March 8, 2017
It is hard to overstate the benefits of organization alignment. Aligned organizations better implement and realize their strategies, can do more with fewer resources, are faster, and generally perform better in the marketplace. However, it is important to realize that not all alignments are equal in their power to produce the hoped for marketplace results.
I have found that there are two types of misalignments:
- Disabling misalignments. These misalignments stem from a need to overcome gaps or broken elements in an organization system. This is the classic case of the “squeaky wheel” that makes substantial noise in the form of customer complaints, internal confusion, and/or a lack of coordination. Often, the noise garners quite a bit of leadership attention and many leaders spend a lot of their time trying to get the noise to stop. This is common to any organization, and everyone needs to spend time fixing and/or closing gaps to address customer needs, minimize frustration, and stay ahead of competition.

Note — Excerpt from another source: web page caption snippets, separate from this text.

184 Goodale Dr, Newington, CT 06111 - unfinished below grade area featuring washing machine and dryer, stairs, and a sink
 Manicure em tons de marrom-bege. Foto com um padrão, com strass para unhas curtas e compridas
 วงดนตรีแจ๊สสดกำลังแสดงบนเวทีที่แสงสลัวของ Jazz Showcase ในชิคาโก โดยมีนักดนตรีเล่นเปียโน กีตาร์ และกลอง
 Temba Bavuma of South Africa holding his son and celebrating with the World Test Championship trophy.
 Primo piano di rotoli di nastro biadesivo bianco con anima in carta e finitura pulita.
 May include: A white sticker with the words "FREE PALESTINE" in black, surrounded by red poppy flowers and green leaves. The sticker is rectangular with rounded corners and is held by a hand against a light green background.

- Enabling misalignments. Enabling misalignments focus more on the potential of an organization to achieve a strategic outcome rather than just fixing capacity/operational problems, performance shortcomings, or cross-organization gaps that may exist. As a whole, these misalignments are more strategically focused and address organizational misalignments about how an organization can extend its influence, expand, grow, and improve what it can deliver to customers and ultimately differentiate the marketplace.